Las fuerzas de Siria lanzaron el sábado una ofensiva prevista para aplastar a la oposición en la zona norte dominada por los rebeldes con un bombardeo generalizado en la principal ciudad de la región y un enfrentamiento con los insurgentes que resisten el ataque.

El presidente Bashar Assad rechazó cualquier negociación inmediata con la oposición, en lo que significó un nuevo revés a las ya vacilantes gestiones internacionales en busca de una salida pacífica al conflicto.

Assad dijo al enviado de la ONU, Kofi Annan, que una solución política es imposible mientras los "grupos terroristas" amenacen al país.

La conducción política de la oposición también ha rechazado el diálogo al considerar que las conversaciones son imposibles debido a la represión gubernamental, que en un año ha causado — según la ONU — la muerte de al menos 7.500 personas.

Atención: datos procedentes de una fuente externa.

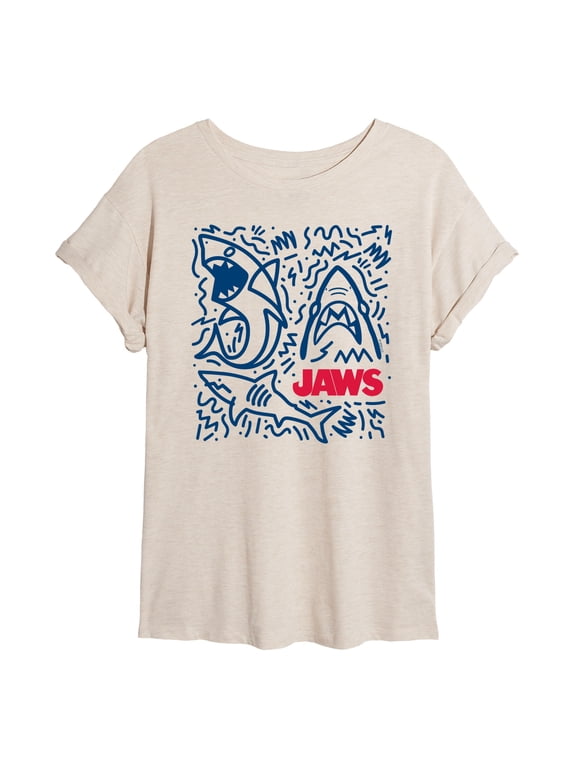 - Blue Shark Doodle with Red Logo Relaxed Fit T-Shirt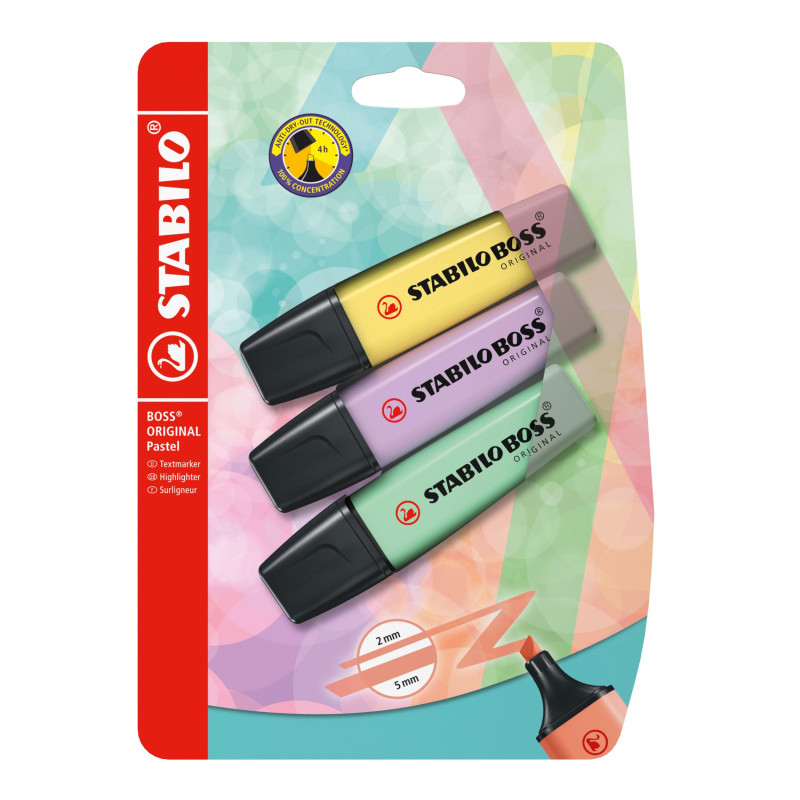 STABILO BOSS ORIGINAL Pastel - Surligneur - blister x 3 surligneurs pastel - jaune + lilas + menthe STABILO BOSS ORIGINAL Pastel - Surligneur - blister x 3 surligneurs pastel - jaune + lilas + menthe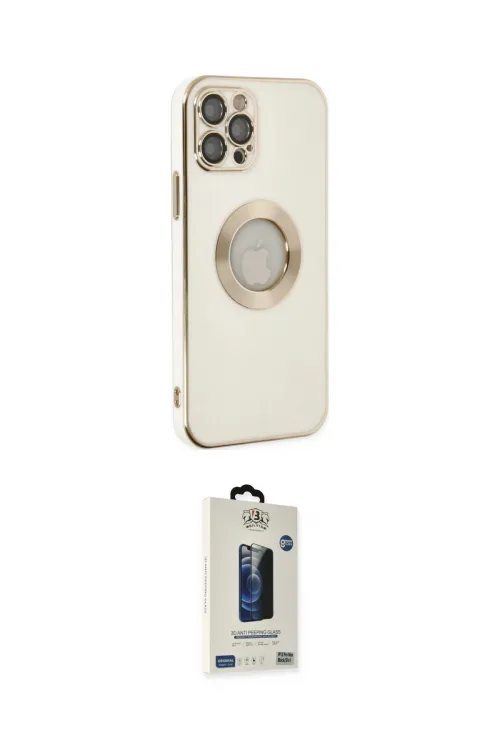 ieg™ iPhone 12 Pro Max Kılıf İz Form Serisi - Siyah Bilvis Hayalet Cam Ekran Koruyucu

Este panorama sugiere que posiblemente el conflicto continúe agravándose hasta convertirse en una guerra civil.

Las fuerzas sirias se han fortalecido durante varios días en Idlib, la capital de una provincia escarpada y agrícola junto a la frontera con Turquía que ha sido el corazón de las protestas contra el régimen de Assad.

Los soldados gubernamentales bombardearon en la mañana del sábado a Idlib durante varias horas con obuses de tanques al tiempo que rodeaban la ciudad, informó un equipo de trabajo de Associated Press.

Familias enteras huyeron despavoridas con frazadas y otras exiguas pertenencias. Otras se refugiaron en viviendas.

Los combatientes opositores corrían por las calles y se parapetaban en las esquinas para disparar con armas automáticas a los atacantes. Los heridos eran conducidos en camiones a las clínicas mientras grupos de hombres retiraban escollos de las calles para agilizar el paso de las ambulancias.

Muchos soldados de bajo rango que viven en la zona se incorporaron a la oposición y pelean al lado de los civiles que han tomado las armas como parte del llamado Ejército Sirio Libre que se esfuerza por organizarse.

Las acciones sugieren que el régimen concentra ahora su ofensiva en Idlib después de recapturar el distrito de Baba Amr, en la ciudad central de Homs, al término de una ofensiva de un mes que al parecer dejó cientos de muertos y devastó ese sector.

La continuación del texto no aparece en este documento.